WHAT YOU HAVE TO DO:
From the material below, return exactly the lines starting at the one that holds "Lindner album simple" and ending at the one that holds "Van Gogh Alive - The Experience". Pictures stay out of the answer.
[Start of section]
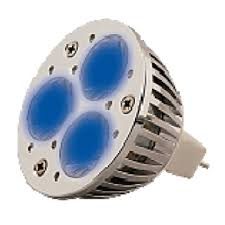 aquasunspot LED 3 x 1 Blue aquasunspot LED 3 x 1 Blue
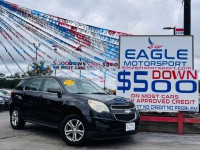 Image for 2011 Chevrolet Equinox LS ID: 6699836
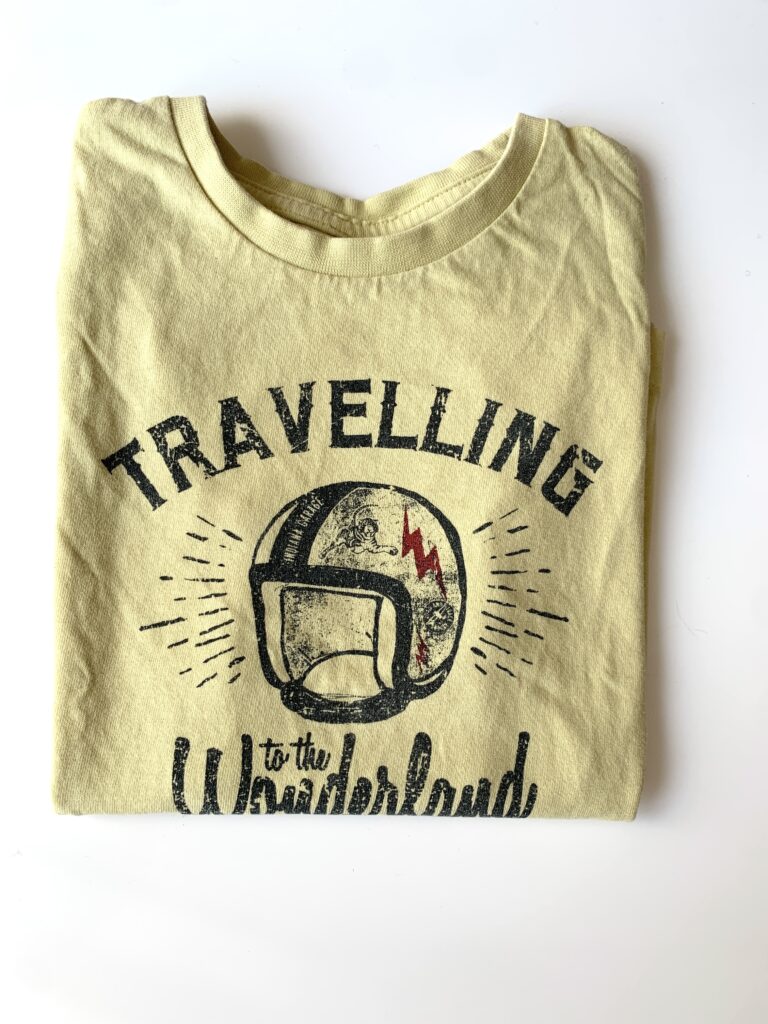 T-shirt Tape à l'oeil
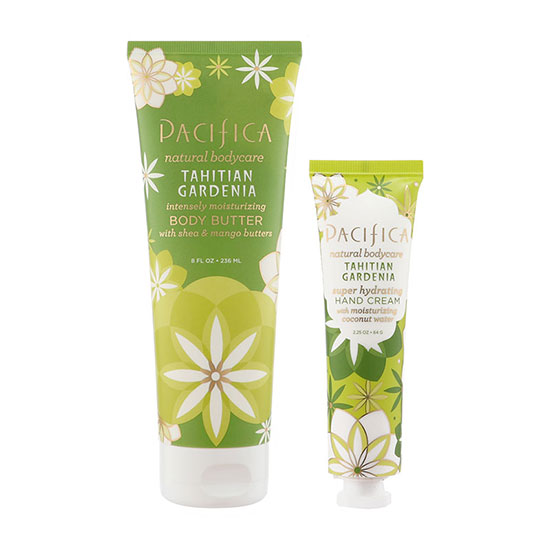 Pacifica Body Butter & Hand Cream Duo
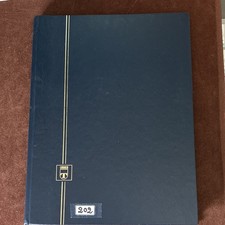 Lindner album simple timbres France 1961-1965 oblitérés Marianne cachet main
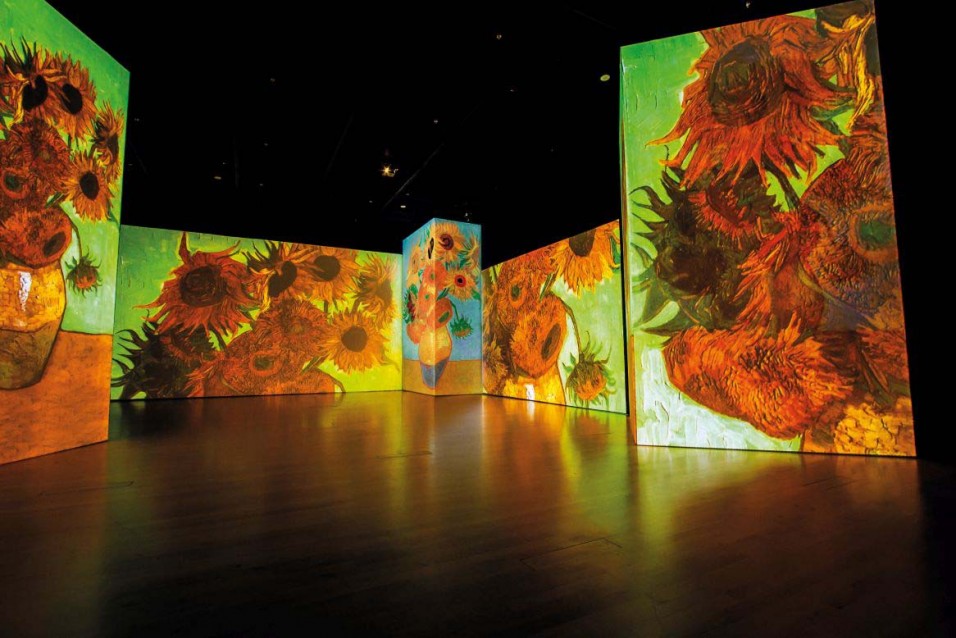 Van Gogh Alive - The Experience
[End of section]
[Start of section]
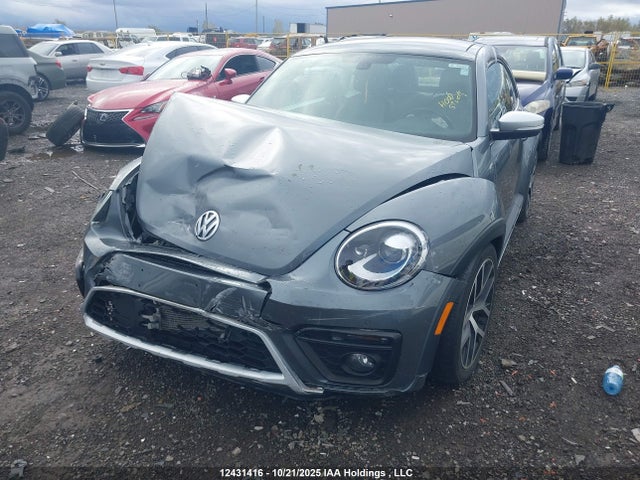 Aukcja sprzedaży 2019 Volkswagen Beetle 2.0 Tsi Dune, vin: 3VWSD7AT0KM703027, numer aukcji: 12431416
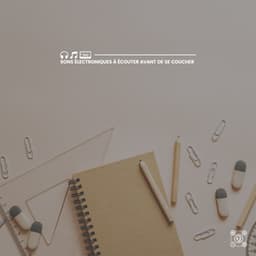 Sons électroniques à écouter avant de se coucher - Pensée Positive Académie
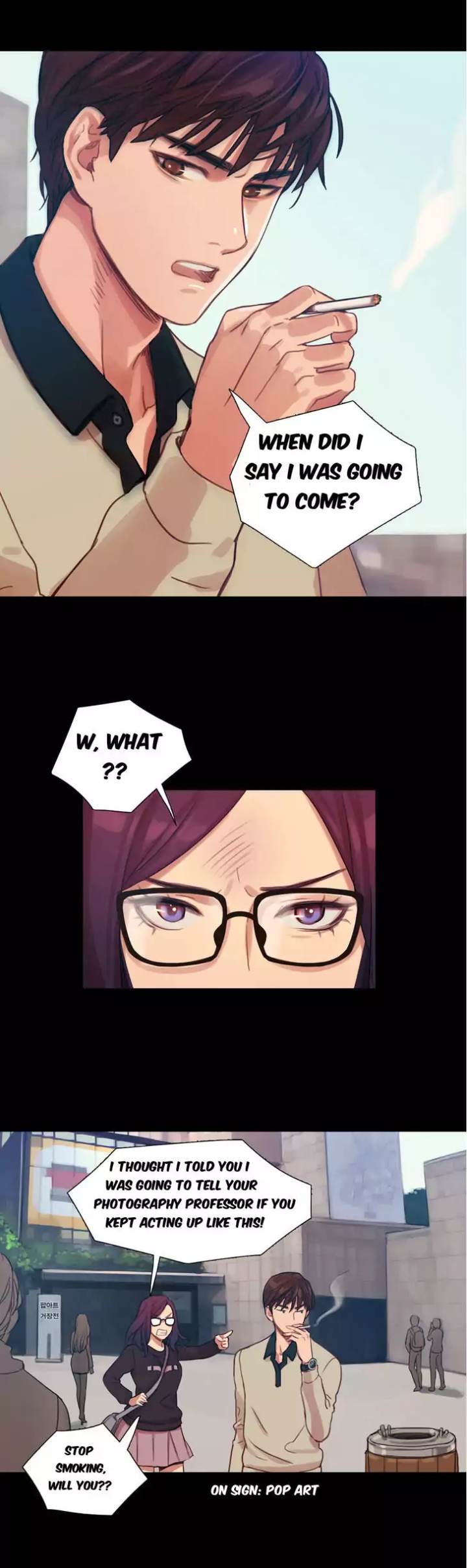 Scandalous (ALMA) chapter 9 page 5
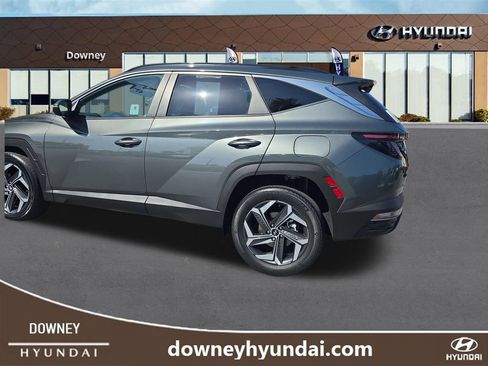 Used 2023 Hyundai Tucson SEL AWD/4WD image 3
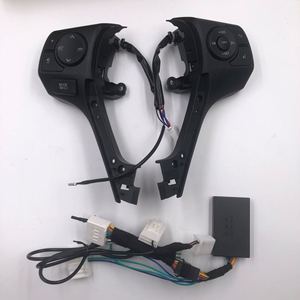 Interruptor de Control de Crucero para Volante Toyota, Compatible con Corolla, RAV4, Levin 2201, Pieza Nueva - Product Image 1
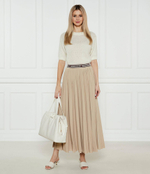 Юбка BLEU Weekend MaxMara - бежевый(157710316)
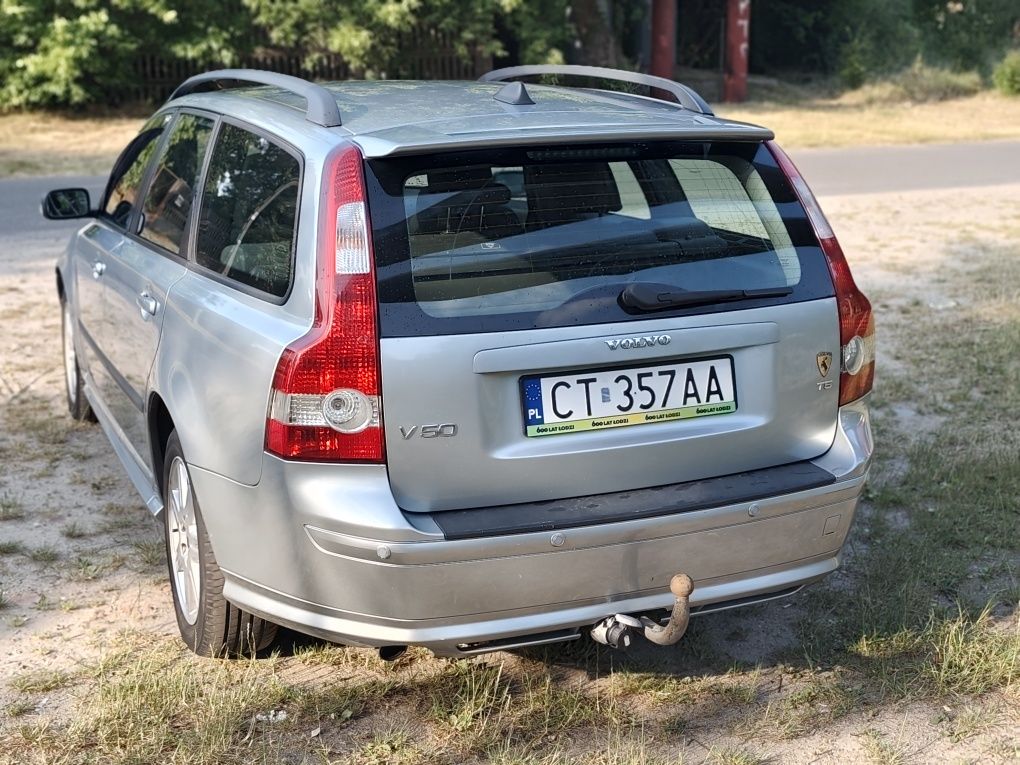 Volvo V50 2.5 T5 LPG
[End of section]
RESULT FOR THIS EXERCISE:
 Lindner album simple timbres France 1961-1965 oblitérés Marianne cachet main
 Van Gogh Alive - The Experience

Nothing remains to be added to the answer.